Back in 1956, at the Canadian Stratford, there had been a traditionally-staged production of Henry V alone that must have been far more exciting, and was certainly historic. It was the festival’s fourth season and the first with a roof over its head (the three previous ones had been under canvas). Christopher Plummer made his Stratford debut in the title role, and Michael Langham made his as artistic director. Langham’s won especial attention for its casting of French-Canadian actors in the French roles: an event to be held up by some later writers as a sadly unique example of a real Canadian Shakespeare. How this example was meant to be followed in the vast majority of plays that don’t have both English and French characters was never explained.
The best one-off Henry I myself have seen in (comparatively) recent years was also a debut: Kenneth Branagh’s, for the RSC, in 1984: an extraordinarily direct and assured performance, in a fast-moving production by Adrian Noble.
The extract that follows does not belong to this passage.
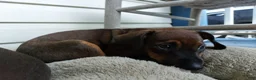Mixed Breed dogs for sale: Dark brown and black  - Ad 1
Some of its ideas seeped into Branagh’s subsequent movie, just as Olivier’s film had apparently drawn on Tyrone Guthrie’s Old Vic production in which he had triumphed in the 1930s. I also enjoyed Nicholas Hytner’s more elaborate production at the National Theatre in 2003, with Adrian Lester: an unevenly acted production but brilliantly and probingly staged. The Iraq war was on everybody’s mind, certainly on Hytner’s; he called Henry “the best available play about any war”. I might want to qualify that by saying the best available English play, but otherwise the claim is unchallengeable. I don’t imagine I could have known that back in 1951 at the Old Vic. But I like to think I would have sensed it.